Weber, T., Bowyer, P., Rechid, D., Pfeifer, S., Raffaele, F., Remedio, A. R., … & Jacob, D. (2020) Analysis of Compound Climate Extremes and Exposed Population in Africa under two different Emission Scenarios. Earth’s Future, e2019EF001473.

Abstract
It is well established that Africa is particularly exposed to climate extremes including heat waves, droughts, and intense rainfall events. How exposed Africa is to the co‐occurrence of these events is however virtually unknown. This study provides the first analysis of projected changes in the co‐occurrence of five such compound climate extremes in Africa, under a low (RCP2.6) and high (RCP8.5) emissions scenario. These changes are combined with population projections for a low (SSP1) and high (SSP3) population growth scenario, in order to provide estimates of the number of people that may be exposed to such events at the end of the 21st century. We make use of an ensemble of regional climate projections from the Coordinated Output for Regional Evaluations (CORE) project embedded in the Coordinated Regional Climate Downscaling Experiment (CORDEX) framework. This ensemble comprises five different Earth System Model/Regional Climate Model (ESM/RCM) combinations with three different ESMs and two RCMs.
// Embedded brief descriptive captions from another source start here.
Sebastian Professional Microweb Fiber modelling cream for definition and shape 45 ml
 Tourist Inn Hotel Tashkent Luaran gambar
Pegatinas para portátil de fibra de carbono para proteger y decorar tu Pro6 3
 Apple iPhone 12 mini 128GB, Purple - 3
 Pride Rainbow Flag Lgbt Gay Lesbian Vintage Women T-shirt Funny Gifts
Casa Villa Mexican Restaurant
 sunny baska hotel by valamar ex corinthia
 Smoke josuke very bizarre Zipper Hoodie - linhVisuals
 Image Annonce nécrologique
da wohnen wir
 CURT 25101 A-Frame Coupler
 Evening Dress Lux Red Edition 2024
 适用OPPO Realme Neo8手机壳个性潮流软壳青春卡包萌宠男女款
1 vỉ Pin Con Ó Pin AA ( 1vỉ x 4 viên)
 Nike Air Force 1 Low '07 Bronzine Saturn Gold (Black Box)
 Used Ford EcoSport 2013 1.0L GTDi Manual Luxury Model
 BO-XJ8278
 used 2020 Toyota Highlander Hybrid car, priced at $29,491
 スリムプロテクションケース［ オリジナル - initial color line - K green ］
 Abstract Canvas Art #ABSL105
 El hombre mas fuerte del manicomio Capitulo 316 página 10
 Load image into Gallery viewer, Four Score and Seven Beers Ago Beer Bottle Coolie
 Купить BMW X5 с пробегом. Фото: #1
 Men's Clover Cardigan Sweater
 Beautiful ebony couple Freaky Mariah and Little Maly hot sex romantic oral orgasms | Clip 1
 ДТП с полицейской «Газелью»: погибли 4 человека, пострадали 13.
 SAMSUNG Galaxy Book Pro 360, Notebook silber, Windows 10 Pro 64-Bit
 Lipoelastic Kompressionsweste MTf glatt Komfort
We show that all five compound climate extremes will increase in frequency, with changes being greater under RCP8.5 than RCP2.6. Moreover, populations exposed to these changes are greater under RCP8.5/SSP3, than RCP2.6/SSP1, increasing by 47‐ and 12‐fold, respectively, compared to the present‐day. Regions of Africa that are particularly exposed are West Africa, Central‐East Africa, and Northeast and Southeast Africa. Increased exposure is mainly driven by the interaction between climate and population growth, and the effect of population alone. This has important policy implications in relation to climate mitigation and adaptation.

Plain Language Summary

It is well known that Africa is exposed to a range of different climate hazards including droughts, heat waves, and extreme rainfall events, which cause major social and economic suffering. It is, however, largely unknown how exposed the African population is to the co‐occurrence of such climate hazards. This is important because compound events will likely increase the suffering far and above that caused by individual climate hazards. In this study, we provide an analysis of potential changes in five different compound events, and the exposure of the African population to them, at the end of this century. Combining exposure to all compound events, the results show that compared to the present‐day, the exposure of the African population may increase by 12‐ and 47‐fold in the best‐ and worst‐case scenarios, respectively. The spatial distribution of changes shows that West Africa and central and eastern regions of Africa may be particularly exposed. Increased exposure is mainly caused by the interaction between climate and population growth, and the effect of population alone. These results imply that any policy response designed to reduce exposure needs to address both climatic and socioeconomic factors.